Supreme Court of the State of New York, Nassau County
Jun 9, 2009
2009 N.Y. Slip Op. 31342 (N.Y. Sup. Ct. 2009)

Opinion

07-11333.

June 9, 2009.


The following papers read on this motion:

Notice of Motion/Order to Show Cause.........X Cross-Motion.................................X Answering Affidavits.........................X Replying Affidavits..........................X

Application by plaintiff pursuant to CPLR 6311 for a preliminary injunction enjoining defendants from removing or transferring funds received from plaintiff as and for a security deposit and the imposition of a constructive trust for the benefit of plaintiff is denied.

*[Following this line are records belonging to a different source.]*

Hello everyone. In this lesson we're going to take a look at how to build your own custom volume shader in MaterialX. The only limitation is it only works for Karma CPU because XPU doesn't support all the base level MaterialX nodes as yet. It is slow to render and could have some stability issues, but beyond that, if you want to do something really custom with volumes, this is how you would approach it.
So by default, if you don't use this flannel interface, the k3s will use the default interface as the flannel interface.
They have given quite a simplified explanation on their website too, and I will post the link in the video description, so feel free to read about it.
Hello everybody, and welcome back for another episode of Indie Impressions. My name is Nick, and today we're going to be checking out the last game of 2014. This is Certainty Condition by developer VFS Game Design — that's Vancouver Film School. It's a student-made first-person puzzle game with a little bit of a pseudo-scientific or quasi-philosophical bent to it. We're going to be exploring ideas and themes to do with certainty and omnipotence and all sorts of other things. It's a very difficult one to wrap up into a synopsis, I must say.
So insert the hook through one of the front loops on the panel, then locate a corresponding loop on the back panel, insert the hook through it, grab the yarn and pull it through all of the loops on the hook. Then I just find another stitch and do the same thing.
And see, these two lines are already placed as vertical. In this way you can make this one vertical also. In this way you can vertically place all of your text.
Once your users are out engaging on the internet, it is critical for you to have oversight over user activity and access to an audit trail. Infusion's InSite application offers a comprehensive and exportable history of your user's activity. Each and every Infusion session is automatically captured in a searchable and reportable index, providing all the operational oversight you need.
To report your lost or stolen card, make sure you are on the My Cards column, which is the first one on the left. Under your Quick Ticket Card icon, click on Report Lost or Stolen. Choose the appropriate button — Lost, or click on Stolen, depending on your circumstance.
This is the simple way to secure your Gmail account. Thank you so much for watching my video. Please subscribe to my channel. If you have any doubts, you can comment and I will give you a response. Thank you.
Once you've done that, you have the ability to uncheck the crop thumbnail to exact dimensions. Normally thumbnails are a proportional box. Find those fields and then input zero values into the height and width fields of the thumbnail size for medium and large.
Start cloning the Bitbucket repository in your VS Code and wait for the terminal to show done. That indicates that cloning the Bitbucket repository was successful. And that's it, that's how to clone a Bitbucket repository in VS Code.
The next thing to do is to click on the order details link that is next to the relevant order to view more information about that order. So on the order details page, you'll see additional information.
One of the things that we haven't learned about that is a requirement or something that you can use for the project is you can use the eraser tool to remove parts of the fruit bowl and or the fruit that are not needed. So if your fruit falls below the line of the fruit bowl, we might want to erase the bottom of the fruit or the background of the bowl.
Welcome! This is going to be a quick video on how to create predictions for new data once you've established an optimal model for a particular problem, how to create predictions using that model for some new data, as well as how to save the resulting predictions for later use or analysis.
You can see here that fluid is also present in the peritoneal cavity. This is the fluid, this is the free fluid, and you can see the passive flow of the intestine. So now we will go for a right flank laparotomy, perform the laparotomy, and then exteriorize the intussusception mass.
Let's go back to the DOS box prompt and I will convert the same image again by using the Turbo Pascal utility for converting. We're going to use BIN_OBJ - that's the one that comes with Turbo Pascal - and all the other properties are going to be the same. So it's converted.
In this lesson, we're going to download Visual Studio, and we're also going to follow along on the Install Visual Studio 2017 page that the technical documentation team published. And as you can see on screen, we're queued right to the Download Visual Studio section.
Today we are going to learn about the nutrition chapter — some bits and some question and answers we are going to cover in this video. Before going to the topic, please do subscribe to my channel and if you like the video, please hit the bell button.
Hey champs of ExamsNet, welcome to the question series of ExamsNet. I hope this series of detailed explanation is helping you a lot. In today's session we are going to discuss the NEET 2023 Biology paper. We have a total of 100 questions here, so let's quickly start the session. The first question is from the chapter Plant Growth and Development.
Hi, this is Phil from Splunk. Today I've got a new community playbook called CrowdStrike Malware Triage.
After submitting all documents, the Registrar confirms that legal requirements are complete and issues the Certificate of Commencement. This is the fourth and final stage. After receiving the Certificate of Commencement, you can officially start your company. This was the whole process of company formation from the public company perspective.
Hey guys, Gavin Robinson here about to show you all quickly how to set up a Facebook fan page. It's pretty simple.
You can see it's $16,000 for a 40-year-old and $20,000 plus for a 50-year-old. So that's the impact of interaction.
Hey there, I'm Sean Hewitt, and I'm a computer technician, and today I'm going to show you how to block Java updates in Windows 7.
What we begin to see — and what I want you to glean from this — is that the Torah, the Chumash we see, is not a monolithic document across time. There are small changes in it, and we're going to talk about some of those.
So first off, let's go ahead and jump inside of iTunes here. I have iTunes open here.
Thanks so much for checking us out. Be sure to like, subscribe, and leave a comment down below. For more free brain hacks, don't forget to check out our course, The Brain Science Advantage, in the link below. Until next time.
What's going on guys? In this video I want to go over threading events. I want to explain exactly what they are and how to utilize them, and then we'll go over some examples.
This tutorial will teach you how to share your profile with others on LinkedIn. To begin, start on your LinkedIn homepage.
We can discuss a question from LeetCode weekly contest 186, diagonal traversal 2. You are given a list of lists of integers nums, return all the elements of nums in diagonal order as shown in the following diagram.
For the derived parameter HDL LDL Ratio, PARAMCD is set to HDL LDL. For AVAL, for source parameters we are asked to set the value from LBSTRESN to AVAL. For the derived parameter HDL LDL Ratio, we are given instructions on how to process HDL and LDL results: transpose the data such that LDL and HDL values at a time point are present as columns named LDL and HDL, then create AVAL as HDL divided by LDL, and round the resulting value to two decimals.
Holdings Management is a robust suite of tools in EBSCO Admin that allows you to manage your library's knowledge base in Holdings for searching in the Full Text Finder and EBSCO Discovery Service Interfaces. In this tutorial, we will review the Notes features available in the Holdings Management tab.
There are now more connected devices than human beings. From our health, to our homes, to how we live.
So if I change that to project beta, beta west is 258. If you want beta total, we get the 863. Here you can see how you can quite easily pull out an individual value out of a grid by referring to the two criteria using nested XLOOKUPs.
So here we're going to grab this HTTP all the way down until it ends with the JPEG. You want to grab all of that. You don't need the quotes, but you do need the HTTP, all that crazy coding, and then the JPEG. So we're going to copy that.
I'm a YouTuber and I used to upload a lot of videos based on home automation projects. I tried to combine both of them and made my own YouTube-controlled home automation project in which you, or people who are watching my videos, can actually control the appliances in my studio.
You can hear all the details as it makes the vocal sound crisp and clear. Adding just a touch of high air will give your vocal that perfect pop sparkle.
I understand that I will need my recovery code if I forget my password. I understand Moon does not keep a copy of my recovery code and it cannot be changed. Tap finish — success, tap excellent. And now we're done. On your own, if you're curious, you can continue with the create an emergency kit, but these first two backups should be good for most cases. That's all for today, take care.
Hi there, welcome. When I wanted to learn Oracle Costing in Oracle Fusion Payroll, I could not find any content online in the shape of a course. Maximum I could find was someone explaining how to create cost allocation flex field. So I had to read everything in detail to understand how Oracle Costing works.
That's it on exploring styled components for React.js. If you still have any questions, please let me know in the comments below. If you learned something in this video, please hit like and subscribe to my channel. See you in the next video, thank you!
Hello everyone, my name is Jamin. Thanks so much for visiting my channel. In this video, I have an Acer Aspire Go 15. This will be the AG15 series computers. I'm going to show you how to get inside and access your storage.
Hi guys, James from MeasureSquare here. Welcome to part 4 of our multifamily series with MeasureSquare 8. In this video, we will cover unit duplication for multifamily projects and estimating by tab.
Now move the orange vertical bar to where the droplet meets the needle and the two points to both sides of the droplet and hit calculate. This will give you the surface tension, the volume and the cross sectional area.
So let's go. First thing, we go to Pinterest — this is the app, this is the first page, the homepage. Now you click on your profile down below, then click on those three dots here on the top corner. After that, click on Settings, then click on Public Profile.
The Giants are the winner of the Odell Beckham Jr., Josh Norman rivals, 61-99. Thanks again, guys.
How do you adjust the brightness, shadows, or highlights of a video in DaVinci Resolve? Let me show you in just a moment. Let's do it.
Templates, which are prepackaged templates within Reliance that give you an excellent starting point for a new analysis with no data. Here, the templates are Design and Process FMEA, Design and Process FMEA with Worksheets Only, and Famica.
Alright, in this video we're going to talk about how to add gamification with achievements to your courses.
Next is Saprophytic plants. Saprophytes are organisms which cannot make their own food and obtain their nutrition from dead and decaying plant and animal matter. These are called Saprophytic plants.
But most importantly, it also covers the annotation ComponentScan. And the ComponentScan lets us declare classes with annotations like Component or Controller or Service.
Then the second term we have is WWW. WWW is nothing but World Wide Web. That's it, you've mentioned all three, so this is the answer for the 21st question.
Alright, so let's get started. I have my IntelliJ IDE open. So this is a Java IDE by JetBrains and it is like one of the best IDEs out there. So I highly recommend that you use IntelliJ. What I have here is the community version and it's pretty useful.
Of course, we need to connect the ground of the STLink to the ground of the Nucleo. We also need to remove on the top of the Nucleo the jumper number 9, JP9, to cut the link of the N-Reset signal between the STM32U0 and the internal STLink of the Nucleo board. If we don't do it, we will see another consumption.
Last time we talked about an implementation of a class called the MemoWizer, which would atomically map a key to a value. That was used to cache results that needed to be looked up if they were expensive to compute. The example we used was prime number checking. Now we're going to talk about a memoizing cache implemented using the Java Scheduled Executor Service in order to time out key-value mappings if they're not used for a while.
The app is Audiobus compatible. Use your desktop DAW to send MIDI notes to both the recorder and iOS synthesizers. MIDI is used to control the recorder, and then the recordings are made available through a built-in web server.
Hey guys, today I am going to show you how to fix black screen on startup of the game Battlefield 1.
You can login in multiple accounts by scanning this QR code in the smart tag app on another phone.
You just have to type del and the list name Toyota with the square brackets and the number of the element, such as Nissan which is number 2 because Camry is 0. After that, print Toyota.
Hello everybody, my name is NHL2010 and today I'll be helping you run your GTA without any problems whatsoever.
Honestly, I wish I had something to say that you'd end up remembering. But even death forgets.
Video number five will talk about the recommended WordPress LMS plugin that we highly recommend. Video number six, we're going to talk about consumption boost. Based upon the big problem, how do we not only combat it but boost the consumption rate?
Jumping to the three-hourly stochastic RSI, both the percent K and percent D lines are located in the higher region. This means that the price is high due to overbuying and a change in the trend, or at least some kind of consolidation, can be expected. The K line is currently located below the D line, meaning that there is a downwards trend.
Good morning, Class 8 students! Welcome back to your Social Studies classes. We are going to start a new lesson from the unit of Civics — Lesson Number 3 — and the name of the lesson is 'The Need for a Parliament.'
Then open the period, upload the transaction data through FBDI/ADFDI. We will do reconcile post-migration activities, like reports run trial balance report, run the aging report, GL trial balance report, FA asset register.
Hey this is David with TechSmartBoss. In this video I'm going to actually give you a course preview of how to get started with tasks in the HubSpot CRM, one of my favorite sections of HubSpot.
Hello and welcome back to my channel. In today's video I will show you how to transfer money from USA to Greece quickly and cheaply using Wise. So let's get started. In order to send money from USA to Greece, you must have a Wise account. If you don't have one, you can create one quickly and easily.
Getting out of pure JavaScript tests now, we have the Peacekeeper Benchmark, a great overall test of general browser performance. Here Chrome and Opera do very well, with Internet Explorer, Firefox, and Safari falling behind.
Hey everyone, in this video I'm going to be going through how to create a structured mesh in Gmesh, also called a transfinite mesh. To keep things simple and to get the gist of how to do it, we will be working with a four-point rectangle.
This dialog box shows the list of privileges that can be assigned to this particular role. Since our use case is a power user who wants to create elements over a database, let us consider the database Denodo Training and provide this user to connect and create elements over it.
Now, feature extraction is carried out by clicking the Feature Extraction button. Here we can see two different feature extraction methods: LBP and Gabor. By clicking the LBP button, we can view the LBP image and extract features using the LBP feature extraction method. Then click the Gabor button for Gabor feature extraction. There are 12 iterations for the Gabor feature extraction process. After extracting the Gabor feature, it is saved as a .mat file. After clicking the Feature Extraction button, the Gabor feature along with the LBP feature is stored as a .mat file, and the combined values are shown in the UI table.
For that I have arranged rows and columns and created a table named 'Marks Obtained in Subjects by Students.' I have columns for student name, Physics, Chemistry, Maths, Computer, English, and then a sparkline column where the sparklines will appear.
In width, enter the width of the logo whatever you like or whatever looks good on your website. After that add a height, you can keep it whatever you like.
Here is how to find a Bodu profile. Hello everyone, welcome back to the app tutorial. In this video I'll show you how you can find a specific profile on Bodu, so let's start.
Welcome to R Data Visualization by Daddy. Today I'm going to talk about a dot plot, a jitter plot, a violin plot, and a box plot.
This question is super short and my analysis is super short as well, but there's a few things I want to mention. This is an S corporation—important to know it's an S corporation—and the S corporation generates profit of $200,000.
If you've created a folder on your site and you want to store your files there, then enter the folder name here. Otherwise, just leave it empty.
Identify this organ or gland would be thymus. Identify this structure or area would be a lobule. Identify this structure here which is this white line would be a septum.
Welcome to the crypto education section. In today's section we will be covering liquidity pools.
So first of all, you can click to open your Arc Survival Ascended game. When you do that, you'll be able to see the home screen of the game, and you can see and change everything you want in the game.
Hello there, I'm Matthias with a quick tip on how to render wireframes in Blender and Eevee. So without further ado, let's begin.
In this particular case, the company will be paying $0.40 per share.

Cross motion by defendants to dismiss the complaint pursuant to CPLR 3211(a)(1) and (a)(7) is granted to the extent that the first, second, third, fifth, sixth and ninth causes of action of the complaint are hereby dismissed. The fourth, seventh and eighth causes of action continue.

That branch of defendants' cross motion which seeks to disqualify George M. Gavalas, P.C., as counsel for plaintiff based on the advocate witness rule is denied as moot. Plaintiff is now represented by Richard L. Farley of the law firm of Farley Kessler, P.C.

BACKGROUND

In this action plaintiff seeks to recover a security deposit in the amount of $135,000 given to defendants in connection with the execution of a lease agreement for rental of ground floor space and basement premises located in a condominium building known as 715 9th Avenue, New York, New York, owned by defendant Mordred Realty Corp.

Although referenced in the parties' papers, neither party has included a copy of the lease with his/their submissions in connection with their motion and cross motion.

The complaint asserts nine causes of action alleging fraudulent inducement (first cause of action), conversion (second cause of action), unjust enrichment (seventh and eighth causes of action), and negligent misrepresentation (ninth cause of action) on the basis of which plaintiff seeks to pierce the corporate veil (third cause of action) and a permanent injunction (fourth cause of action). The fifth and sixth causes of action allege malicious/wanton conduct for which plaintiff seeks punitive damages.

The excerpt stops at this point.